■ **Requirement**:
Return every record below exactly as given, images excluded.

Crawled caption data
......

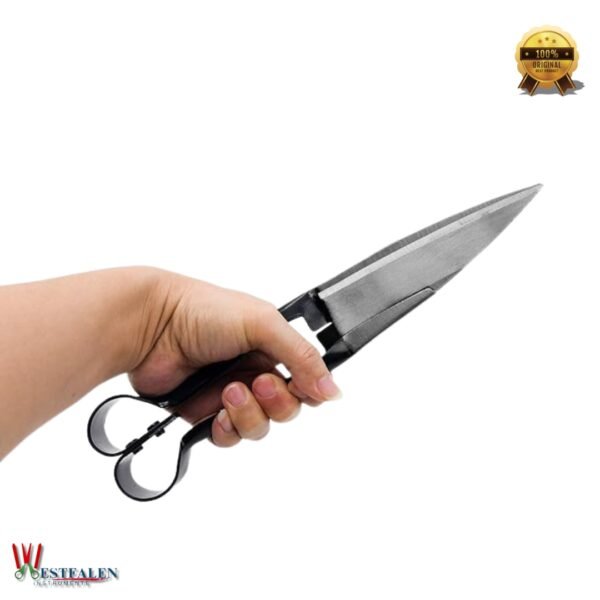 Westfaleninstrumente 13" R-Shaped Sheep and Alpaca Shears with Carbon Steel Double Blades and Coated Handle on White Background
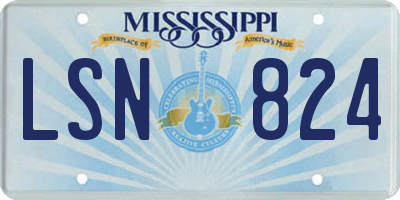 MS license plate LSN824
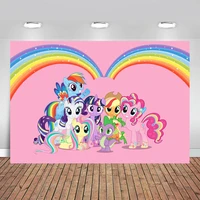 cartoon my little unico backdrops photography baby shower rainbow pink studio background for children birthday party photo booth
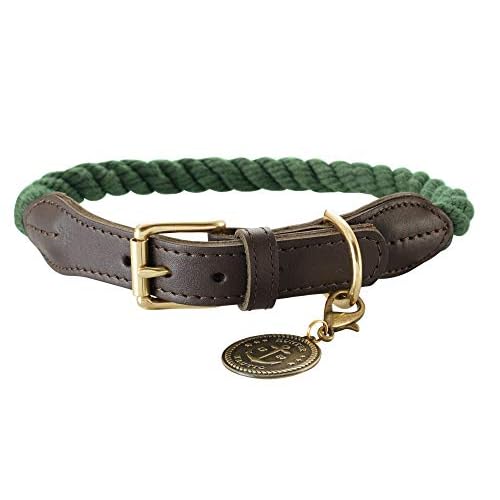 HUNTER List Hundehalsband, Tau, Leder, maritim, strapazierfähig, wetterfest, geschmeidig, 60 (L), oliv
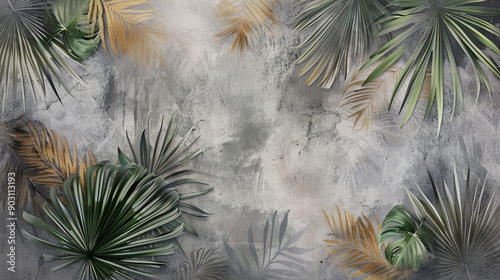 Drawn exotic tropical leaves on concrete grunge wall. Floral background. Design for wallpaper, photo wallpaper, mural, card, postcard, Generative AI © dgpatel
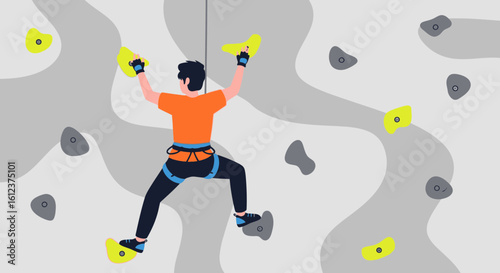 Man Climbing On An Indoor Climbing Wall Demonstrates Strength And Agility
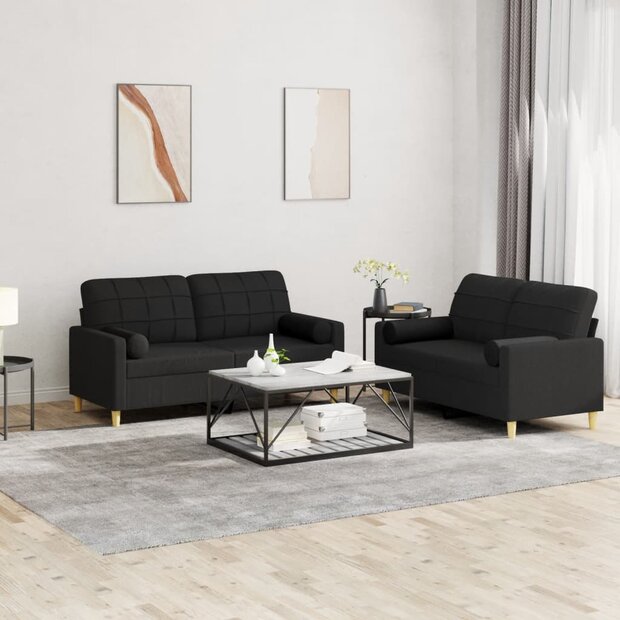 2-delige Loungeset met kussens stof zwart 1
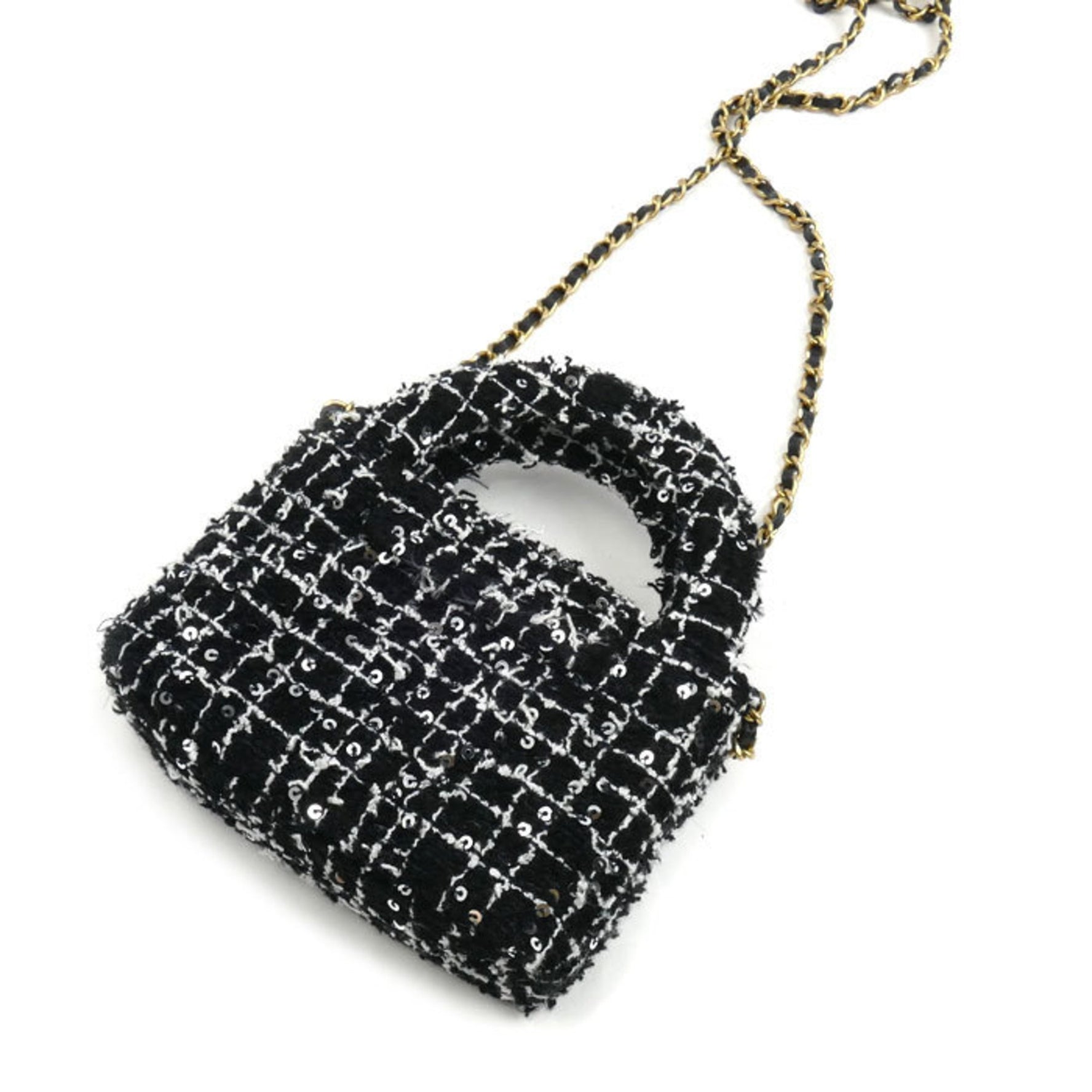 CHANEL Fabric Mini Chain Shoulder Bag, Sequins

......

■ **Worked solution**:
 Westfaleninstrumente 13" R-Shaped Sheep and Alpaca Shears with Carbon Steel Double Blades and Coated Handle on White Background
 MS license plate LSN824
 cartoon my little unico backdrops photography baby shower rainbow pink studio background for children birthday party photo booth
 HUNTER List Hundehalsband, Tau, Leder, maritim, strapazierfähig, wetterfest, geschmeidig, 60 (L), oliv
 Drawn exotic tropical leaves on concrete grunge wall. Floral background. Design for wallpaper, photo wallpaper, mural, card, postcard, Generative AI © dgpatel
 Man Climbing On An Indoor Climbing Wall Demonstrates Strength And Agility
 2-delige Loungeset met kussens stof zwart 1
 CHANEL Fabric Mini Chain Shoulder Bag, Sequins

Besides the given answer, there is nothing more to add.